Travel Forums Off Topic In lighter vein--lets share some jokes

1. Posted by arif_kool (Travel Guru 1757 posts) 9y

hi,

I found this interesting

TRADITIONAL ECONOMICS*
Economies around the world:

You have two cows.
You sell one and buy a bull.
Your herd multiplies and the economy grows.
You retire on the income.

  • INDIAN ECONOMICS *

You have two cows.
You worship them.

  • PAKISTAN ECONOMICS*

You don't have any cows.
You claim that the Indian cows belong to you.
You ask the US for financial aid,
China for military aid,
Britain for warplanes,
Italy for machines,
Germany for technology,
France for submarines,
Switzerland for loans,
Russia for drugs and
Japan for equipment.
You buy the cows with all this and claim of exploitation by the world

  • AMERICAN ECONOMICS*

You have two cows.
You sell one and force the other to produce the milk of four cows.
You profess surprise when the cow drops dead.
You put the blame on some nation with cows & naturally that nation will
be a danger to mankind.
You wage a war to save the world and grab the cows.

  • FRENCH ECONOMICS *

You have two cows.
You go on strike because you want three cows.

  • GERMAN ECONOMICS *

You have two cows.
You re-engineer them so that they live for 100 years, eat once a month and milk themselves.

  • BRITISH ECONOMICS *

You have two cows.
They are both mad.

  • ITALIAN ECONOMICS*

You have two cows.
You don't know where they are.
You break for lunch.

  • SWISS ECONOMICS *

You have 5000 cows, none of which belong to you.
You charge others for storing them.

  • JAPANESE ECONOMICS*

You have two cows.
You re-design them so that they are one-tenth the size of an ordinary
cow and produce twenty times the milk.
You then create cute cartoon cow images called
Cowkimon and market them worldwide.

  • CHINESE ECONOMICS *

You have two cows.
You have 300 people milking them.
You claim full employment, high bovine productivity and arrest anyone
Reporting the actual numbers.

  • RUSSIAN ECONOMICS*

You have two cows.
You count them and learn you have five cows.
You count them again and learn you have 42 cows.
You count them again and learn you have 17 cows.
You give up counting and open another bottle of Vodka.

__._,_.___

Hope u all enjoyed

Arif

2. Posted by Herr Bert (Moderator 1384 posts) 9y

After every flight, Qantas pilots fill out a form, called a "gripesheet," which tells mechanics about problems with the aircraft. The mechanics correct the problems; document their repairs on the form, and then pilots review the gripe sheets before the next flight.
Never let it be said that ground crews lack a sense of humor.

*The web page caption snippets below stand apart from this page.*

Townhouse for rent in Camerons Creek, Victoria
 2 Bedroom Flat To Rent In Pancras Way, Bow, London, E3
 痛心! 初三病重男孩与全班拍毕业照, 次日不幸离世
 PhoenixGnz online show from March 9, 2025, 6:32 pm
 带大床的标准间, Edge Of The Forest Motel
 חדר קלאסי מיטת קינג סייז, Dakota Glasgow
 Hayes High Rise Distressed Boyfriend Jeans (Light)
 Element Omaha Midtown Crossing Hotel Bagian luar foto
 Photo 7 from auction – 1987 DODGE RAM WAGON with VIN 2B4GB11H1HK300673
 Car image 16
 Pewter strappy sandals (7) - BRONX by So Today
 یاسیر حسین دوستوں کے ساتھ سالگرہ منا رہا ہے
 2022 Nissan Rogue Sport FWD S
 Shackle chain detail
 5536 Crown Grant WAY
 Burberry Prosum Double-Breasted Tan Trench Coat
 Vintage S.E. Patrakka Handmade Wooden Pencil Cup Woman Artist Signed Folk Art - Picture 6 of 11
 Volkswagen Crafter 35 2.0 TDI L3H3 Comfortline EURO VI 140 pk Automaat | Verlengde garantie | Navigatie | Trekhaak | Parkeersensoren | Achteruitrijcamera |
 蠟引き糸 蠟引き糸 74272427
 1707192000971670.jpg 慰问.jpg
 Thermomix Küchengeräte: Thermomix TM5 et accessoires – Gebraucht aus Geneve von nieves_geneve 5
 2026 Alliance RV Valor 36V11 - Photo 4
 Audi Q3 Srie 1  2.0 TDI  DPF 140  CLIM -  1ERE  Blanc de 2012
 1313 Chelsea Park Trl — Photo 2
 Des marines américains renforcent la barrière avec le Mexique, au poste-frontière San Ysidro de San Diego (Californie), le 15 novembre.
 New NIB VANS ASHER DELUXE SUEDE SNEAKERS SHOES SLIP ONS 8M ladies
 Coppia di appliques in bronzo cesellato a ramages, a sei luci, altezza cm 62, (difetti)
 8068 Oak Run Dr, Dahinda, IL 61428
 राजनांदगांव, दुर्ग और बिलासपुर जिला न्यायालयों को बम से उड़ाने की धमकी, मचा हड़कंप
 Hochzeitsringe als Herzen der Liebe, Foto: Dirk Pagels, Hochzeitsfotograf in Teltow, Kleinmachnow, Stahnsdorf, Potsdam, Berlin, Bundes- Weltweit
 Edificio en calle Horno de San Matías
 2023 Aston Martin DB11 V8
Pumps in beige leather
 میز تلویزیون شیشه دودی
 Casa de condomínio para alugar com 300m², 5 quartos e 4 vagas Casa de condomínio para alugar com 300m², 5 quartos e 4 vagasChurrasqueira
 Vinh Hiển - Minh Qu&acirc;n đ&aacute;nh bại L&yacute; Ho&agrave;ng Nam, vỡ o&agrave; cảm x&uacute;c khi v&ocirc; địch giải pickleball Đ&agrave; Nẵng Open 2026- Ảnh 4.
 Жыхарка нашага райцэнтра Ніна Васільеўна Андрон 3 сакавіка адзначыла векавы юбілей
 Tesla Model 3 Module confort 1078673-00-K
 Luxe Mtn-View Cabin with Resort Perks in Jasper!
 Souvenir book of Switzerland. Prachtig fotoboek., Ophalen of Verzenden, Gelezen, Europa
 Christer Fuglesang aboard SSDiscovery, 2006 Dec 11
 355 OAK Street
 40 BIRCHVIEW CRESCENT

Here are some actual maintenance complaints submitted by Qantas' pilots (marked with a P) and the solutions recorded (marked with an S) by maintenance engineers.

By the way, Qantas is the only major airline that has never had an accident.

P: Left inside main tire almost needs replacement.
S: Almost replaced left inside main tire.

P: Test flight OK, except aut o-land very rough.
S: Auto-land not installed on this aircraft.

P: Something loose in cockpit.
S: Something tightened in cockpit.

P: Dead bugs on windshield.
S: Live bugs on back-order.

P: Autopilot in altitude-hold mode produces a 200 feet
per minute descent.
S: Cannot reproduce problem on ground.

P: Evidence of leak on right main landing gear.
S: Evidence removed.

P: DME volume unbelievably loud.
S: DME volume set to more believable level.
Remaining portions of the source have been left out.